Two art exhibits allow Auburn's beloved Toomer's Oaks to live on.
The Jule Collins Smith Museum of Fine Art presents Matt Moulthrop, a third generation master woodturner. Moulthrop was taught by both his grandfather, Ed Moulthrop, and his father, Philip Moulthrop.
Losing the Auburn Oaks was a tragedy for the Auburn campus and community. The trees were an integral part of the cultural fabric of the university. When noted artist Matt Moulthrop heard about this, he cared enough to reach out to Auburn alumnus Jim Gorrie through a mutual friend and offered to make a bowl from the wood for JCSM. Mr. Gorrie went to Grant Davis, secretary of the university’s board of trustees who brought museum director Marilyn Laufer into the conversation, which resulted in this beautiful commemorative work of art. As a part of the museum’s permanent collection, the bowl will represent the significant and compelling acts of healing and remembrance. This handsome turned bowl will serve to remind all of us that something good and beautiful can come out of a very tragic situation. (See video below.)

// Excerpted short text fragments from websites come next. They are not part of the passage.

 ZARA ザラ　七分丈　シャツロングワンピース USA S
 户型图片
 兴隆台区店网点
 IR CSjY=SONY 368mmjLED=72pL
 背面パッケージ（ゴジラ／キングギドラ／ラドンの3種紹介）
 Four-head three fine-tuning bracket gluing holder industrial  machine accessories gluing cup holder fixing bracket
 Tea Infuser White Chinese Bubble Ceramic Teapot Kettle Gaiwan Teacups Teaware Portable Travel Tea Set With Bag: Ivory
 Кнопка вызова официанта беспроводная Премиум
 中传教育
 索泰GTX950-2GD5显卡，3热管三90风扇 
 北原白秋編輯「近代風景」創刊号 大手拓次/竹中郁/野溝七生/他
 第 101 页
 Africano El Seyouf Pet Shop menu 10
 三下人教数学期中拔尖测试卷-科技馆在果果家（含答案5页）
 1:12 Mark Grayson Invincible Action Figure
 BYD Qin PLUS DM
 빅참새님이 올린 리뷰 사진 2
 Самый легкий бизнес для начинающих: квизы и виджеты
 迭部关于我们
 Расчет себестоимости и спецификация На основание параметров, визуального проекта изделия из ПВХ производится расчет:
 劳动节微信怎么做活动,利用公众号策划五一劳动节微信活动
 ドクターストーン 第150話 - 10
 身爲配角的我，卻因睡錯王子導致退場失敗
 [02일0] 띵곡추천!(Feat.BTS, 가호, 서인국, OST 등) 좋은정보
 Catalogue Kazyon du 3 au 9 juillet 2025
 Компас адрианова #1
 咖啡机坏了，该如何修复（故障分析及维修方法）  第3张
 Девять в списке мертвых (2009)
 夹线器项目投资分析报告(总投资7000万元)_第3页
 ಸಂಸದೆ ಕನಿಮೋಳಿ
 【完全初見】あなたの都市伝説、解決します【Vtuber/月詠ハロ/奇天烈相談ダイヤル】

al.com's Amber Sutton interviewed Moulthrop for Sculpture made from portion of Toomer's Oaks now on display in Auburn
"I went to view the Auburn Oaks as living trees and looked at what sections had the most interest," he said. "I picked a section of the tree on College Street. There was a 'Y,' like a fork, in the tree near the top – almost like a crown."
"Our hope is that museum visitors will be awed by the beauty and skill reflected in this artwork," said Marilyn Laufer, museum director. "We also hope they view this as a tribute, not only to the trees that were lost, but the way the Auburn family was able to find a way to reaffirm our belief in humanity, evident in this example of creative expression."